Une source diplomatique française a indiqué jeudi que cette jeune femme, qui avait bénéficié d’une bourse du gouvernement pour pouvoir étudier au sein de l’Institut d’études politiques de Lille, a « vocation à quitter le territoire national ».
• Désinscrite de Sciences Po Lille
Cette étudiante gazaouie a été désinscrite de l’Institut d’études politiques de Lille, où elle devait étudier à partir de septembre. « Après concertation avec le ministère de l’Enseignement supérieur et de la Recherche, le Rectorat de Région académique et la Préfecture, la direction de Sciences Po Lille a pris la décision d’annuler l’inscription prévue de cette étudiante dans notre établissement », écrit Sciences Po Lille sur son compte X.

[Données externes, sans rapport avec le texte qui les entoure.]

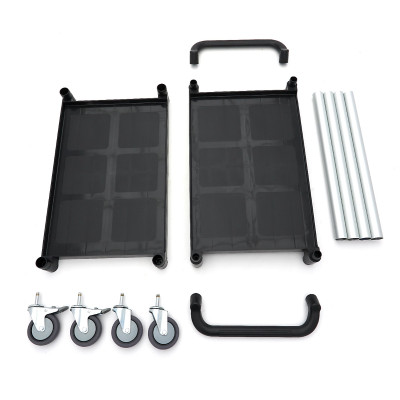 Maxima Servírovací vozík - 2 plastové police - 86,5 x 42,5 cm |  09507003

Le contenu de certaines publications de cette étudiante sur les réseaux sociaux « entre en contradiction frontale avec les valeurs portées par Sciences Po Lille, qui lutte contre toute forme de racisme, antisémitisme et discrimination, ainsi que contre tout type d’appel à la haine, contre quelque population que ce soit », a souligné l’école.
Sollicité par l’AFP, Sciences Po Lille a expliqué avoir « accueilli cette étudiante sur proposition du consulat général de France à Jérusalem ». « Elle est venue en France via la diplomatie française », précise-t-on.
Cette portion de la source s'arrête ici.